Come darle torto? Ogni vita è «un mix esoterico», solo le agiografie scorrono lisce come l´olio. Ma che spaesamento: Nicole Kidman sirenetta dorata, volta la carta e c´è la smorfia di dolore di Susan dopo la mastectomia; mamma e papà Leibovitz curvi e anziani sparecchiano la cucina, volta la carta e c´è Scarlett Johansson languida odalisca. Il contrasto è quasi intollerabile, vien voglia di ribellarsi a questa apparente schizofrenia, di scegliere la “verità” dello sguardo privato contro la “falsità” di quello commerciale, la carne contro la plastica, il ruvido contro il liscio, la terra contro le stelle, le lacrime contro il make-up. E ad essere onesti, la commossa Annie delle sequenze in bianconero, degli splendidi ritratti intimi di Susan, delle carezze visuali a genitori, fratello e figlie, sembra davvero più sincera e profonda della superpagata professionista Ms. Leibovitz. Alla quale è stata spesso rimproverata, non senza ragione, la rinuncia a uno stile riconoscibile (non la rudezza di un Karsh, non l´apparente cinismo di un Avedon, non la calligrafia di un Newman) a favore di un eclettismo lasciato all´intuizione del momento, capace di produrre colpi di genio (l´abbraccio di John Lennon nudo e latteo a Yoko Ono vestita di nero, preso sei ore prima dell´omicidio dell´ex Beatle), celebri trasgressioni (il nudo di Demi Moore vistosamente incinta, che Sontag pretese e ottenne di far finire sulla copertina di Vanity Fair), istanti di intensa introspezione (uno splendido Al Pacino in una scura stanza spoglia); ma anche pose prevedibili (Bill Gates davanti a un computer), stucchevoli cliché (Cindy Crawford come Eva abbracciata a un serpente) e originalità divertenti ma senza spessore (Jack Nicholson che gioca a golf in vestaglia e ciabatte).
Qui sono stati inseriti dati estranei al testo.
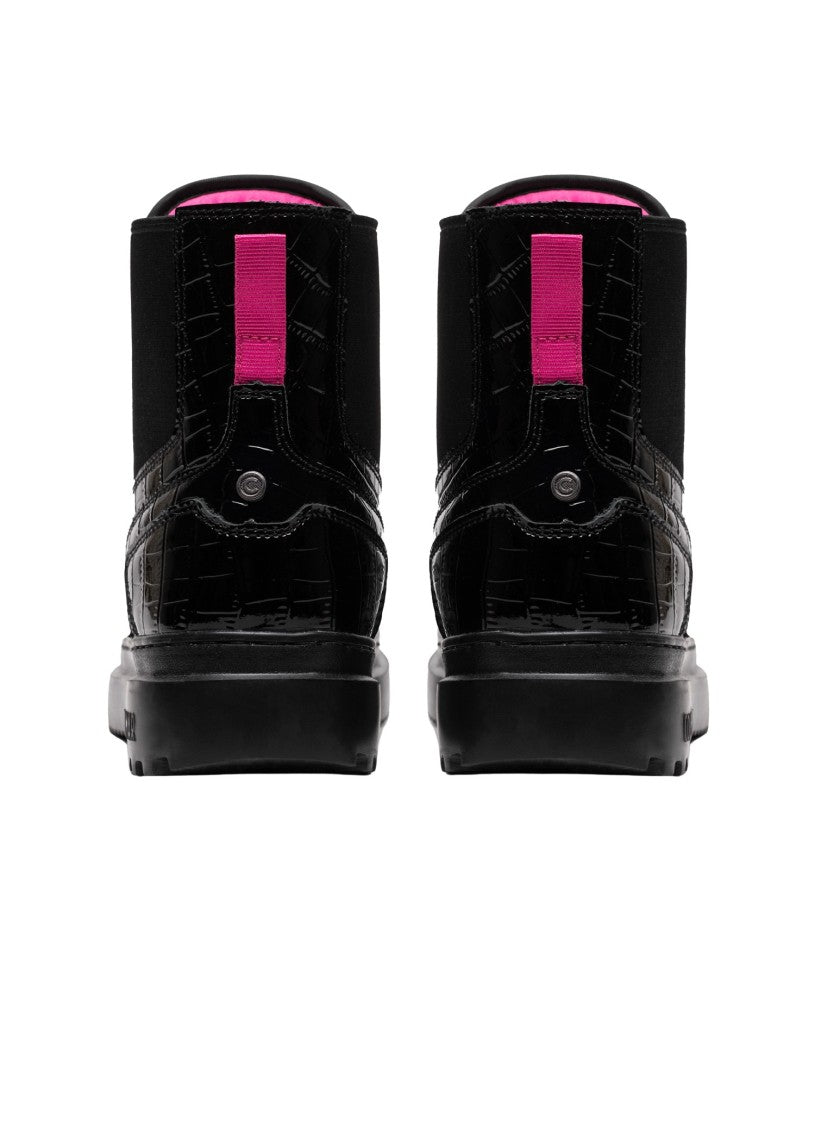 Colmar Originals High-Gloss Crocodile Pattern Ankle Boots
Difetti che svaniscono d´incanto nel suo lavoro privato e segreto, preso a mano libera, con macchine di piccolo formato, senza stage, «senza l´obbligo di dover scattare», foto affettive, da album di famiglia, destinate alla memoria privata e all´intimo rimpianto. Ma anche nei paesaggi, sparsi nel libro a mo´ di parentesi, per allentare la tensione narrativa; e soprattutto nei rari, duri reportage, come quello nella Sarajevo sotto assedio, dove Susan la portò per aiutarla a sfuggire all´intossicazione da glamour e insegnarle a «spogliare la realtà».
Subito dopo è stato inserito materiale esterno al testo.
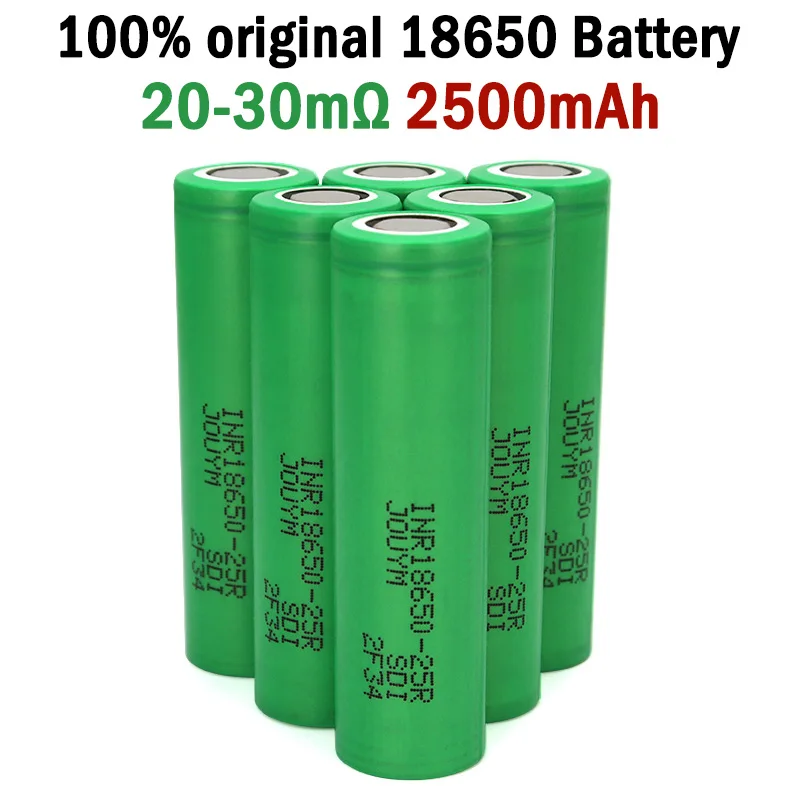 

JOUYM 2500mAh 18650 Battery Li-ion Rechargeable Batteries 3.7 V High Discharge 20A INR 18650 25R M Screwdriver Power Cell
Ma non sarebbe giusto né rispettoso. C´è una sola Annie Leibovitz, e lei stessa ci sfida a prenderla tutta, o lasciarla. Questo diario è «la cosa più vicina a me tra tutte quelle che io abbia mai fatto». Ci chiede di apprezzarla solo così, tutta intera. Ma forse vuole dirci qualcosa di più. Questo catalogo di un quindicennio di vita, del resto, è stato composto «come se Susan fosse dietro le mie spalle», e Sontag è l´autrice di saggi fondamentali per comprendere la fotografia. Questo libro di poche parole ci spiega semplicemente che è tutta quanta la fotografia (la sua storia, la sua ambiguità) che dobbiamo accettare, senza snobismi, se vogliamo avere in cambio qualcosa da lei. La fotografia che inganna e quella che rivela, quella che racconta e quella che finge, quella che inquieta e quella che appaga, sono in fondo la stessa cosa: lo specchio fatato che lusinga le nostre brame e, sull´altra faccia, quello impietoso che ci svela la nostra fragilità.